##### Records provided
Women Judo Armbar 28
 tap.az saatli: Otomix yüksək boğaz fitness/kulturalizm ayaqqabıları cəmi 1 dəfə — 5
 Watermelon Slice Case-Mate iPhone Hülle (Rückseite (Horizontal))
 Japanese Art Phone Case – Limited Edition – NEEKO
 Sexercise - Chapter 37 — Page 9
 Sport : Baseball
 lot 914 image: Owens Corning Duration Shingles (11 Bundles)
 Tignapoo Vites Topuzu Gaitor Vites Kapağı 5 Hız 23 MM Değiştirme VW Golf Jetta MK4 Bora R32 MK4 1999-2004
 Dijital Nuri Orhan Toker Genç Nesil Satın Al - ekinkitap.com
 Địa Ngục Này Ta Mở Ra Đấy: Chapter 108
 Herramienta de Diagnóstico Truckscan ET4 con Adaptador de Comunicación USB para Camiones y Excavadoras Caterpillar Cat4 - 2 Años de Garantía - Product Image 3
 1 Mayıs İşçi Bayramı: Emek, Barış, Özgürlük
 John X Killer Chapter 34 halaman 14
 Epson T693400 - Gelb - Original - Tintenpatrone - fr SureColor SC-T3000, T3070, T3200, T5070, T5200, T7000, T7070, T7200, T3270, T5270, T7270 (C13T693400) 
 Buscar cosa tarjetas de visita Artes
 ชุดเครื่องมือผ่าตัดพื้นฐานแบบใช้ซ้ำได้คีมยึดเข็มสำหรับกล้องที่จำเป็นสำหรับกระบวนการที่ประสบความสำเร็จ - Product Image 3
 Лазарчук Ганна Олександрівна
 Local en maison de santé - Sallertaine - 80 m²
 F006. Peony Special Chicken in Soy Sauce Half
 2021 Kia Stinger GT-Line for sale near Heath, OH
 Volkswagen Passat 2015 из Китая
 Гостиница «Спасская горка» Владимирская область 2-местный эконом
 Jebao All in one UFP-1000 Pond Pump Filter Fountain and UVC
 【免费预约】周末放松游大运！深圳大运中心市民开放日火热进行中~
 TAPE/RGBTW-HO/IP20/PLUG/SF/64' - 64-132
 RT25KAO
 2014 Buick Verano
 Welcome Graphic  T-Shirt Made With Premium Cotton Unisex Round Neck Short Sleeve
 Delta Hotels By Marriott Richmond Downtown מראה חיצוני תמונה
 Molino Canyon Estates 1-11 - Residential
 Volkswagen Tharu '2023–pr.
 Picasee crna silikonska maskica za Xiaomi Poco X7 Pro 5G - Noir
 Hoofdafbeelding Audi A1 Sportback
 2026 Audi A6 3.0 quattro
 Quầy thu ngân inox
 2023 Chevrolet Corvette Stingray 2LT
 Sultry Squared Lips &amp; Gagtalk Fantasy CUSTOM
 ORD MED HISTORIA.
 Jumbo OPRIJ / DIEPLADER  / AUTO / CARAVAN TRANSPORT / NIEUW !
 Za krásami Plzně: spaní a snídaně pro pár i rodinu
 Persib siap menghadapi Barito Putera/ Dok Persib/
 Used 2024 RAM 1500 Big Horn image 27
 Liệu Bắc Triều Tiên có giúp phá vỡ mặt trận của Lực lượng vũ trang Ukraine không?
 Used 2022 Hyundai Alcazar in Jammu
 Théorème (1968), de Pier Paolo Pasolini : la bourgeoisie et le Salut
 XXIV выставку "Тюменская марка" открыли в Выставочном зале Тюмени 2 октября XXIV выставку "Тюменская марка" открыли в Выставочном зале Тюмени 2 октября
##########
▶ **Exercise requirements**: Only the lines that hold the word "Audi" are wanted; each should be pulled from the records.

▶ **Answer**:
 Hoofdafbeelding Audi A1 Sportback
 2026 Audi A6 3.0 quattro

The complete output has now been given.